Georgia governor orders probe into 'sloppy' November 2020 vote counts in Fulton County
Brian Kemp says some audited results from state's largest county are "inconsistent" and erroneous. One count of 950 votes for Biden actually appears to be just 92.
In a rare act for a state chief executive, Georgia Gov. Brian Kemp has referred the audited November 2020 election results in the state's largest voting metropolis to the State Election Board after multiple reviews found significant problems with absentee ballot counting that included duplicate tallies, math errors and transposed data.
Kemp referred Fulton County's risk-limiting audit results this week to election regulators, saying he was not asking for any changes to the declaration that Joe Biden beat Donald Trump but was alarmed by the level of sloppy vote counting in the county that includes the city of Atlanta.
The errors could have skewed the audit totals reported to the state by several thousand votes, according to a 36-item summary Kemp included with his letter. Biden was declared the state's winner by about 12,000 votes.
"The data that exists in public view on the Secretary of State's website of the RLA Report does not inspire confidence," he wrote in his referral letter. "It is sloppy, inconsistent, and presents questions about what processes were used by Fulton County to arrive at the result."
Kemp's referral comes several months after a Just the News investigative report first raised questions about the audited election tallies Fulton County reported to Secretary of State Brad Raffensperger's office after conducting a hand count known a risk-limiting audit.
Just the News reported the tally sheets Fulton County used for the audit/recount absentee ballots did not match totals from ballot images, in some cases appeared to include duplicate counts, and used batch numbers that did not correspond to existing ballot stacks.
A separate review conducted by Georgia lawyer Bob Cheeley, likewise, found irregularities this summer.
The referral to the State Elections Board is likely to add fuel to Secretary of State Brad Raffensperger's push to place Fulton County elections into state receivership, meaning state officials and not county workers would supervise the next few elections.
Kemp wrote he first learned of the problems when a Georgia citizen named Joseph Rossi compared the audit tally sheets to ballot images, and found similar problems as those enumerated in the Just the News article.

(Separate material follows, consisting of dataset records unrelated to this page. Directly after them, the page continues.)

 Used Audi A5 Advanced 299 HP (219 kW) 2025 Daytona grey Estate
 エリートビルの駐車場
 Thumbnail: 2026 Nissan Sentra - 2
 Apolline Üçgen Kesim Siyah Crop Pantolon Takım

Rossi recently referred his concerns to Kemp's office, which did a similar analysis and confirmed there appeared to be serious errors in the final audited tallies Fulton County reported to the state.
Kemp's referral letter identified numerous instances in which batches of absentee ballots appeared to have been counted twice.
For instance, one batch of ballots that awarded 93 votes to Biden and just four for Trump "appears to be duplicated" on the final report to the state, the letter said.
"The batch entry on Row 19676, identified as AbsenteeScanner3Batch 368, nearly matches the same vote count reported by the batch entry on Row 19677, identified as Absentee Scanner 3 Batch 368. The lone exception being that Row 19677 reports an additional vote for Jorgensen. One of these entries appears to be duplicated," Kemp wrote.
Some of the duplicate counts flagged by Kemp were quite large. For instance, one duplicate gave 745 votes more to Biden than the ballot images actually showed.
Sometimes vote tallies were transposed, the letter said. For instance one batch of absentee votes was counted as 76 for Trump and 22 for Biden when the ballot images show it was the opposite tally in favor of Biden.
The Kemp-Rossi review also found two batches of absentee ballots in which all 100 votes in each batch were given to Biden. In fact, the actual images show Biden only got 60 votes in one batch and 78 in the other.
The largest tally of all Biden votes that Fulton County reported was 950 votes for Biden and none for Trump, all apparently from a batch of military absentee ballots.
But when Kemp and Rossi went to the images, the tallies were magnitudes smaller: just 92 votes for Biden and six for Trump, the letter said.
Rossi also flagged several batches of ballots that included misidentified batch numbers for which there were no corresponding ballot images, something that led some experts last summer to worry there were missing batches of ballots.
In fact, Kemp's letter said, it was likely Fulton County wrote down erroneous batch numbers.
"The 36 inconsistencies noted by Mr. Rossi are factual in nature, pose no underlying theories outside of the reported data, and could not be explained by my office after a thorough review detailed below," the governor wrote the elections board.
"The purpose of this letter is to convey these inconsistencies to the Board and request them to be explained or corrected," Kemp added. "To be clear, this letter does not purport to dispute or contest the outcome of the 202O election, but rather to highlight apparent inconsistencies discovered in the RLA Report data."
Kemp's letter ordered the board to force corrections to any vote totals if there were "verified errors" and to "review the audit methodology used in counties across Georgia, and create a prescriptive and uniform set of rules that ensure one process is followed by all counties."